**Problem requirements**
Word for word, print each line of the listing below; pictures stay out.

**Supplied material**
□ □ □ □ □
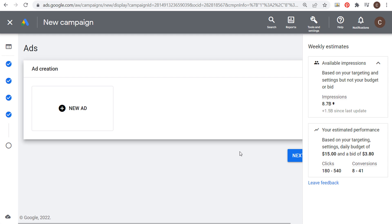What's up everyone, welcome to the Surfside PPC YouTube channel. Today I'm going to be going over Google Display Ads sizes and I'm going to be going over responsive display ads as well. So if you're running a Google Display advertising campaign, obviously one of the main things you need are advertisements that are going to run across the Google Display Network.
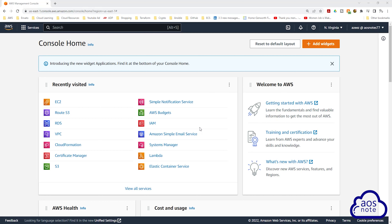Hello and welcome back to another lecture. In this lecture, we will create the key pair that we will use to SSH into our EC2 instance. To create the key pair in the management console, type EC2 in the search box.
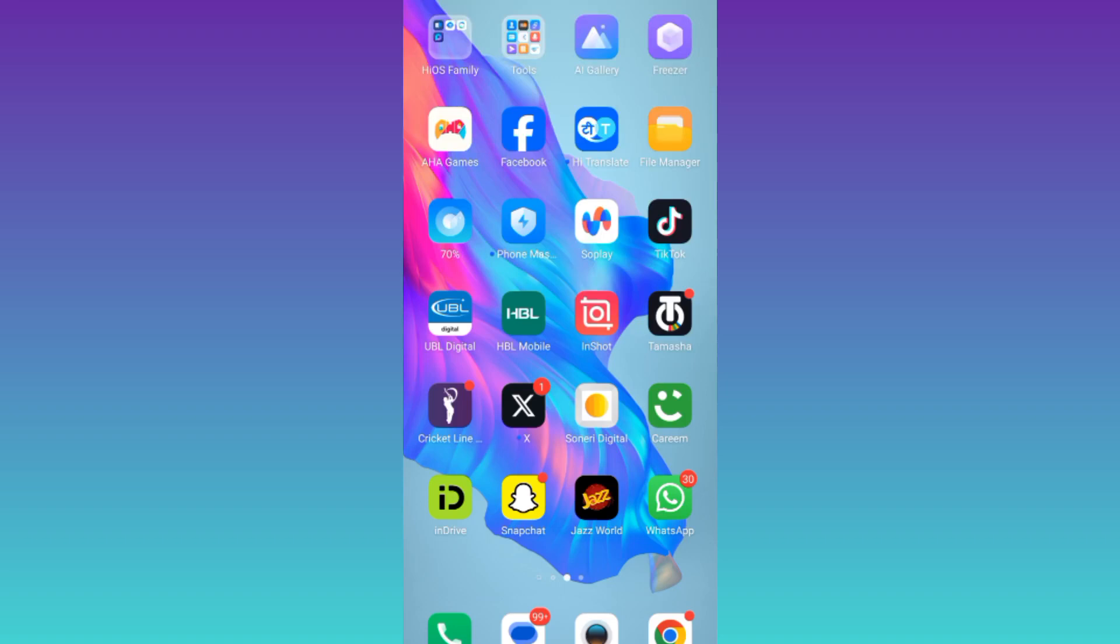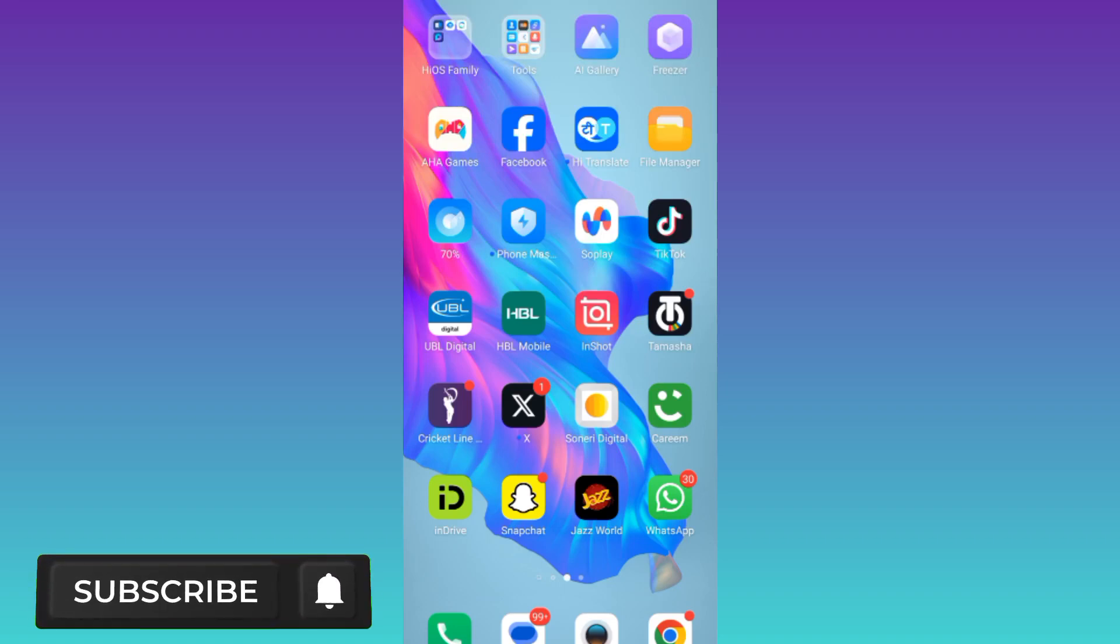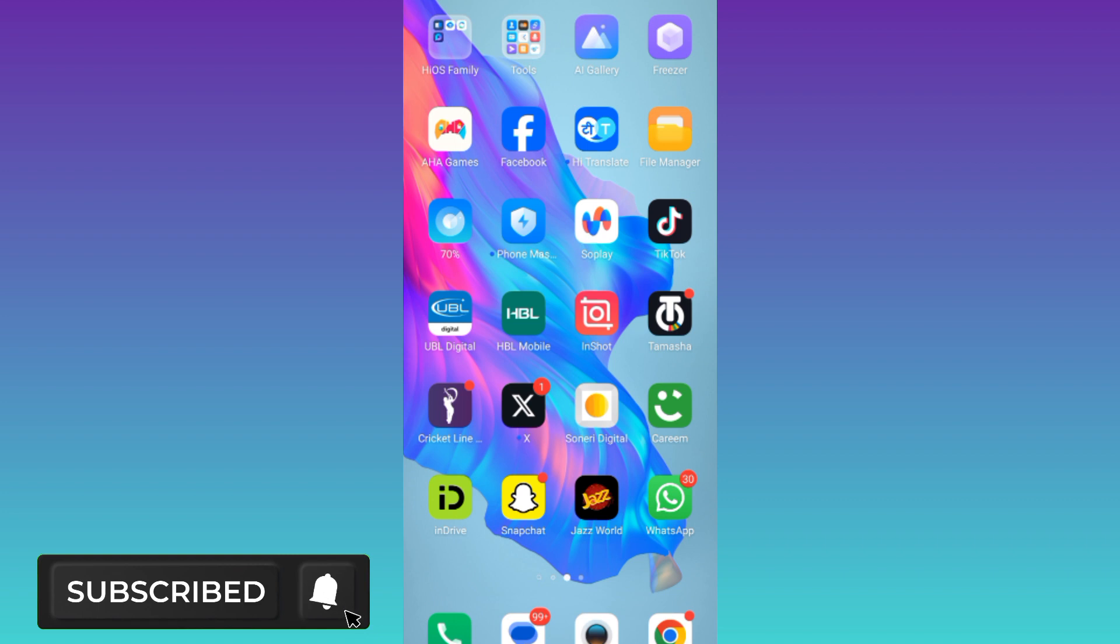In today's video, I am going to show you how to see who took a screenshot of your Facebook story. Therefore, without wasting any of your time, let's jump to the video.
□ □ □ □ □
**Response box**
What's up everyone, welcome to the Surfside PPC YouTube channel. Today I'm going to be going over Google Display Ads sizes and I'm going to be going over responsive display ads as well. So if you're running a Google Display advertising campaign, obviously one of the main things you need are advertisements that are going to run across the Google Display Network.
Hello and welcome back to another lecture. In this lecture, we will create the key pair that we will use to SSH into our EC2 instance. To create the key pair in the management console, type EC2 in the search box.
In today's video, I am going to show you how to see who took a screenshot of your Facebook story. Therefore, without wasting any of your time, let's jump to the video.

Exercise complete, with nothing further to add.